Kittens*and*Butterflies
Well said.
Anonymous
My mother spent thousands of dollars she doesn’t have on very luxe and very useless gifts for me. I asked her to return at least some of this stuff and she said it’s not returnable, but really that means she doesn’t want to return it. The retailer requires the OG packaging and the slip, which I don’t have, and they don’t have brick and mortars in this country so I can’t even beg and plead with a person to take this stuff back. There is no real resale market. She’s done this before but not on this level; it’s usually a few hundred not a few thousand dollars of waste.
My mother won’t admit this to me, but I know my brother gives her money every month. He will be furious at me for accepting the gifts. I asked her to please return at least some of the stuff, I’ll even help, but she continues to lie that it’s not returnable. Meanwhile my husband thinks I’m being ungrateful. My stepdad thinks I’m a spoiled brat because my mother spends so much and I don’t appreciate it. Basically, I’m in the doghouse with every important man in my life. I have tried to talk to her, there is no getting through to her. I seriously want to shred all her credit cards. Is there anything I can do?
Anon
At some point you have to accept that your mother is going to spend money the way she wants to spend money. It’s time to drop it over this year’s gifts. There’s a reason you’re in the doghouse with just about everyone else. Stop it now.
anon
You don’t need to mention that you know he gives her money, but I’d at least tell your brother that you’ve asked her to return the gifts.
Kittens*and*Butterflies
+1
No Problem
Have you told your brother what your mom bought you, and how much it cost? Does he know that this is how she’s spending the money he gives her, and does he approve? And your stepdad should be told that unless the purpose of the money from your brother is to buy you thousands of dollars of useless gifts, he should be agreeing with you that your mother should be putting that money toward her living expenses instead of extravagant gifts you never asked for and don’t want.

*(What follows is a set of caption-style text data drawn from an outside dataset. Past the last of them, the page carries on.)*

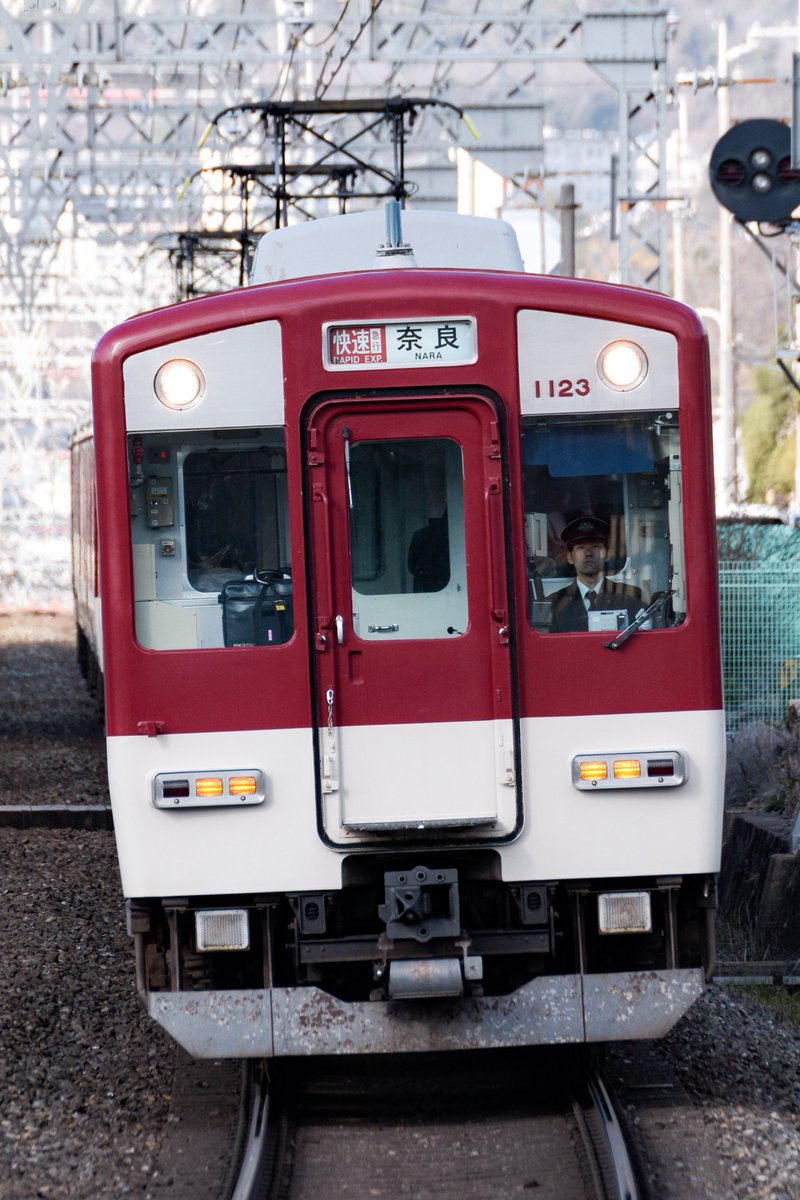 8586L86's tweet photo. 今日はVL21、VL23が朝8連に充当されました https://t.co/YTPqYYYwAg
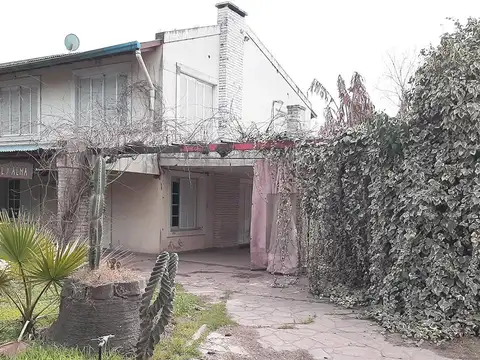 Amplia casa de 5 Dormitorios en Villa La Ribera. Opción financiación.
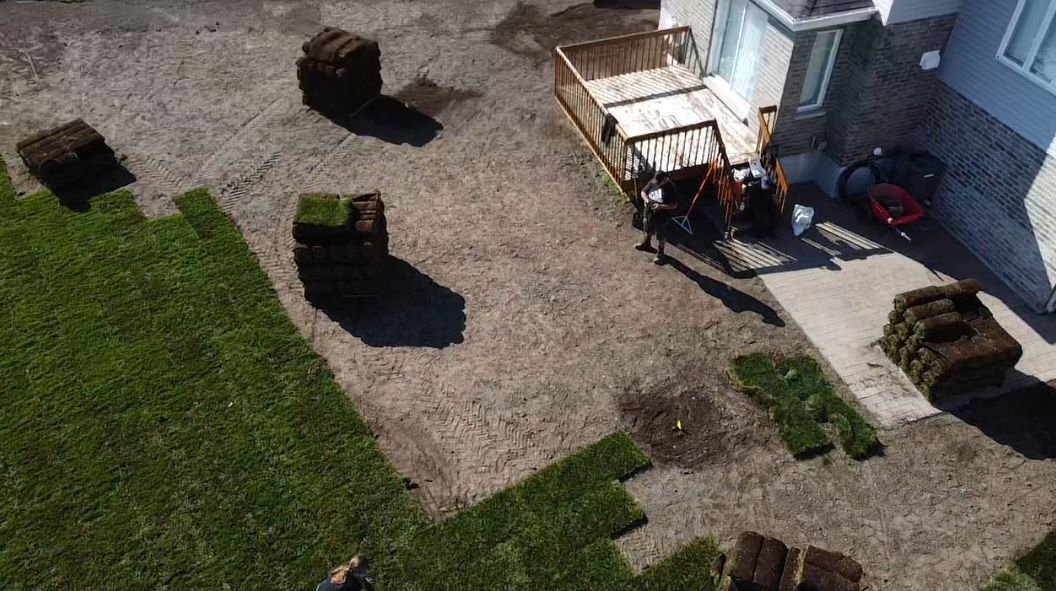 Vue aérienne d'une pelouse en cours d'installation devant une maison.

BTW, your husband also needs to learn what ungrateful really means. It means wanting something other than what was given, or something more expensive, rather than wanting nothing or something cheaper (which it sounds like you would have preferred). If someone told me I was ungrateful for receiving, I dunno, a whole bunch of pet food and pet care accessories (I don’t have any pets and will never get one), I’d tell him he’s out of his mind.
JD
I wonder if the husband has his own weird family dynamics where he can only see the gifts as loving attention and not a shopping addiction/control issue, etc. When people go no contact with messed up family, partners with healthy family dynamics often don’t understand it. I wonder if this is the reverse, where the husband also comes from a family with issues where this gifting feels like love to him. Or perhaps gifting is his own love language. Either way, he needs to keep out of it.
OP, you seem pressed that everyone is piling on you. However this is likely frustration with not being able to change your mom’s behavior. You can set up boundaries and refuse to accept their feelings in return.
Cat
I mean, is there a possibility that she’s right? A lot of high end retailers will do “final sale” treatment if something is heavily discounted, plus places like The Real Real vary by piece on the return status.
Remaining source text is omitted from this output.